It offers a premium metallic feel and looks solid in construction. At 7.3mm, it is still quite slim. Its 165-gram weight feels great in the hand. Although slightly wider, it fits nicely in the palm and has great ergonomics because of its round edges and sleek side profile.
At the back, the dual cameras protrude a bit— an aberration for Xiaomi devices— but it’s neither an eyesore nor a deal breaker. Below the cameras, in the center of the phone, is the Mi A1’s fingerprint reader. We found it to be on par with other devices in this price category.
Overall, the Mi A1 has a striking visual appeal with neat elements, like the nicely crafted speaker grille and the antenna lines at the back. I think that it is one of the best looking Xiaomi devices we’ve seen, ignoring the Mi MIX series of course.
I do have to mention that the rear of the Mi A1 is eerily similar to the iPhone 7 Plus. A lot of Chinese brands have followed this model over the past year, so we would have liked to see something more original, but again, it’s not a deal breaker.
The Mi A1 has two 12-megapixel cameras on its rear: the first is a 26mm wide-angle lens with a 1.25-micron pixels sensor and f/2.2 aperture, and the second is a 50mm telephoto lens with a 1.1-micron pixels sensor and the f/2.6 aperture that offers 2x optical zoom. While Xiaomi is advertising the A1 as having a “flagship dual camera” setup, it’s worth noting that Xiaomi’s actual flagship dual camera configuration on the Mi 6 is quite different, offering both a faster aperture and optical image stabilization on the primary wide-angle lens.
The camera app is the same one that comes with all Xiaomi phones and bears a pretty strong resemblance to Apple’s default camera app.
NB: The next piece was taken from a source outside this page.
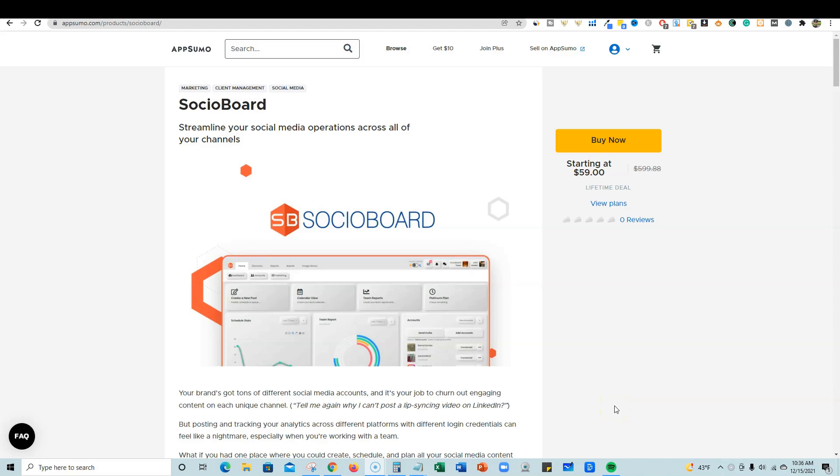Welcome, in this video we're going to be looking at Socio Board, a new product that hit AppSumo. You can pick it up right now while it's available starting at $59. This is a way that you can streamline your social media operations across all of your channels. This is a social media automation tool and scheduler and poster and all that kind of good stuff.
You can tap the x1 and x2 to toggle between the wide-angle and telephoto lens. Unfortunately, if you want to select a zoom setting in between them you have to pinch to zoom. A pop-up slider like the one Apple uses would have been nice here. There are toggles for filters and easy access to various shooting modes, which include panorama, beautify, tilt-shift, a square mode for Instagram, and others. For some reason, there’s also a toggle for enabling a watermark – which is on by default – which adds the words “Shot on Mi A1” in the bottom left corner of every shot. You’ll probably want to turn this off.
Image quality from the Mi A1 is quite decent, but not on the same level as flagship smartphone cameras. Shots tend to be a little grainy in less than ideal lighting conditions and the image is also slightly soft towards the edge of the frame. There’s also some noticeable smearing when you zoom in on details.
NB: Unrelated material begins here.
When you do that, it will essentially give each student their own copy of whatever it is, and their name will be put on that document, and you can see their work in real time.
The Xiaomi Mi A1 is an Android One phone, so it ships with stock Android 8.0 Oreo. That means there’s not a ton to talk about that wasn’t covered in our massive Android 8.0 review, and that’s a good thing! You get a mostly unaltered build of Android with a design that fits with the rest of the app ecosystem. Everything works, and there are no janky third-party additions to worry about. For Xiaomi, the Android One program is particularly a big deal, since its usual Android skin, MIUI, is one of the heaviest (and worst) Android skins out there.
You get the Google Assistant in this build of Android, and while it will respond to “OK Google” whenever the screen is on, “always-on” mode—which would let it respond when the screen is off—is not an option.
You only get two extra apps after the standard-issue Android stuff. There’s a “Mi Remote” app for using the IR blaster and a “Feedback” app to send your feedback directly to Xiaomi. I was able to quickly get Mi Remote working with my home theater system. You just pick a device type, like “TV,” then pick a brand, and you’ll go through some testing procedures so the app can learn your remote codes. You can uninstall the Mi Remote app if you aren’t interested in IR functionality or if you want to use an alternative remote app.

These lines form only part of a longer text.